Private servers Equinix Metal

Whether those servers act like firewalls, or load balancers, or are Internet-exposed Web servers, is up to you.

Second, you can put firewall software on your servers. They can be on your backend servers, your front-end servers, your gateways, or all of the above.

Firewall software

Third, Equinix Metal allows you to define your own networks using Virtual Local Area Networks, or VLANs. With VLANs, you control the IP addresses inside the VLAN, and set up how traffic flows into and out of the VLAN, whether to the Internet, other VLANs or even other cloud providers via Equinix Fabric.

For more details on available networking configurations be sure to check out the Layer 2 Networking Guide.

5. Services

Services covers a very large area. Some cloud providers try to offer as many services as possible (sometimes upsetting their prior partners on the way as they try to take their business). It also makes it challenging to focus on the core business. Of course, some do the mix better than others.

Cloud providers have literally thousands of managed service offerings, from load balancers and firewalls at the low level, to managed databases and Kubernetes clusters above.

We only will list a few of them.


Most cloud providers have two different kinds of storage: block and object. Block storage is just "disk drives over the network", which looks local to your VM instances. You interface with block storage usually by mounting it into your server. Object storage stores objects, and is accessed using Web protocols like https. Of course, all of those objects have to be stored somewhere. In many cases, the cloud provider uses block storage "under the covers" to store the objects.

Equinix Metal does not provide managed storage services directly. Local disk on your servers, especially SSDs and newer NVMe, provide a lot of storage space for no additional cost at the fastest speed possible.

If you need shared storage across multiple servers in your project, set up one or a few servers to act as storage servers, and use a network storage protocol, like NFS or CIFS/SMB for file access, or S3 for object access, to access the storage.

Storage servers

Fortunately, Metal has several guides to using these storage technologies.

Of course, any local storage is sensitive to failure; you only are as good as your data! So be sure to read Equinix Metal's guide to data redundancy and guide to backups.

If you want a truly managed high-end storage solution, Equinix Metal has a partnership with Pure Storage, offering dedicated storage appliances in your project. For information, see this page. If the metal is yours, shouldn't the storage be yours, too?


Databases are a critical part of most applications. Cloud providers offer some managed databases. At Equinix Metal, you have complete control. Deploy your servers, and then put your database software on them.

Keep in mind the sensitivity to security we discussed above, where and how they should be accessed, and protections around them when deploying databases.

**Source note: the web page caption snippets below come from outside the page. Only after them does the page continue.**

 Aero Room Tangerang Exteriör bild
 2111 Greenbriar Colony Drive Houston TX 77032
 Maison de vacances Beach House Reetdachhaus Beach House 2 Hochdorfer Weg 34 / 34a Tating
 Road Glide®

Kubernetes is much easier to deploy and manage than when it first came out. Between kubeadm and easier to install distributions like k3s, it is much easier to deploy and manage your own Kubernetes cluster.

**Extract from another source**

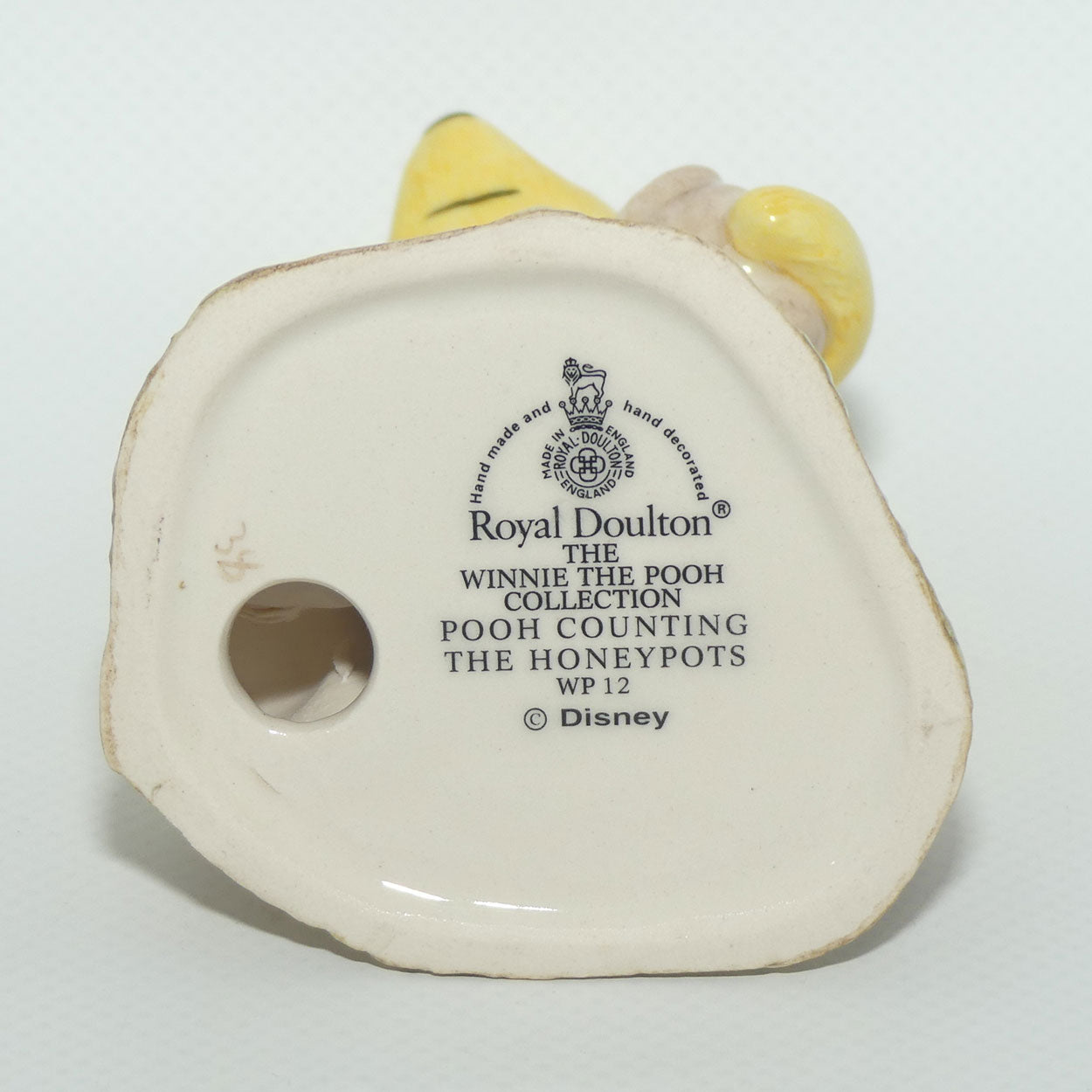 WP12 Royal Doulton Winnie the Pooh figure | Pooh Counting the Honeypots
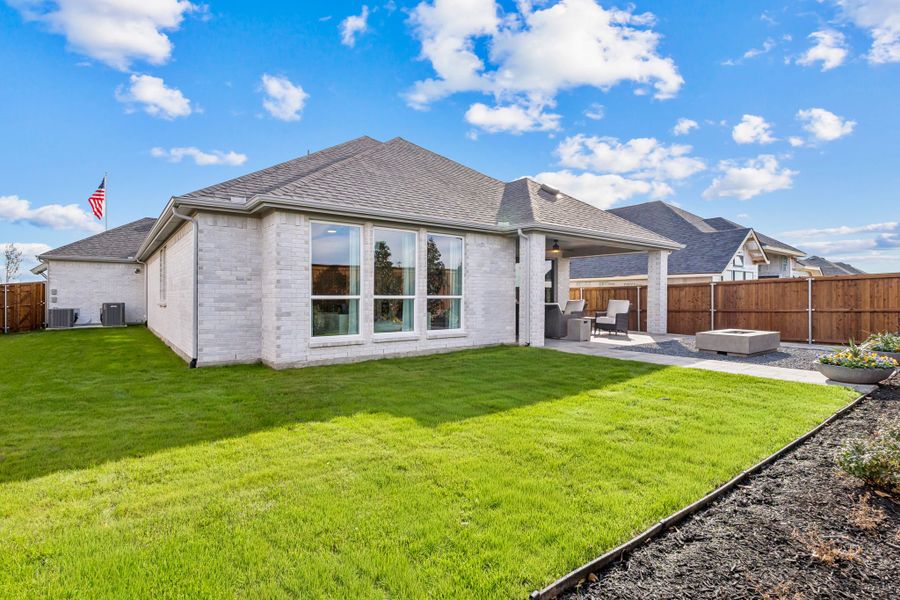 Meraki Model Backyard Lawn | American Legend Homes – Forney, TX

And in case you want to know why Equinix Metal chose not to build its own managed Kubernetes services, here's our founder, Zac Smith's article on why we "forgot" to build one.

Kubernetes is really important to deploying and managing workloads in the cloud-native era, so Equinix Metal has all of the tools you need to deploy and manage a Kubernetes cluster on Equinix Metal, as well as integrate cleanly with the provider. From Cluster API to Cloud Controller Manager, we have it all.

Start with the "Introduction to Kubernetes on Equinix Metal".


Migrating your workloads from a hyperscaler cloud provider to Equinix Metal brings with it enormous benefits in terms of cost, power and flexibility. To take advantage of those, you need to understand the differences. These include how the provides differ, both in how they work and also in what they offer.

Anything you can do on another cloud provider, you can do on Equinix Metal, at times much better. That power, however, comes with the need to understand how to use it and take ownership of setting it up.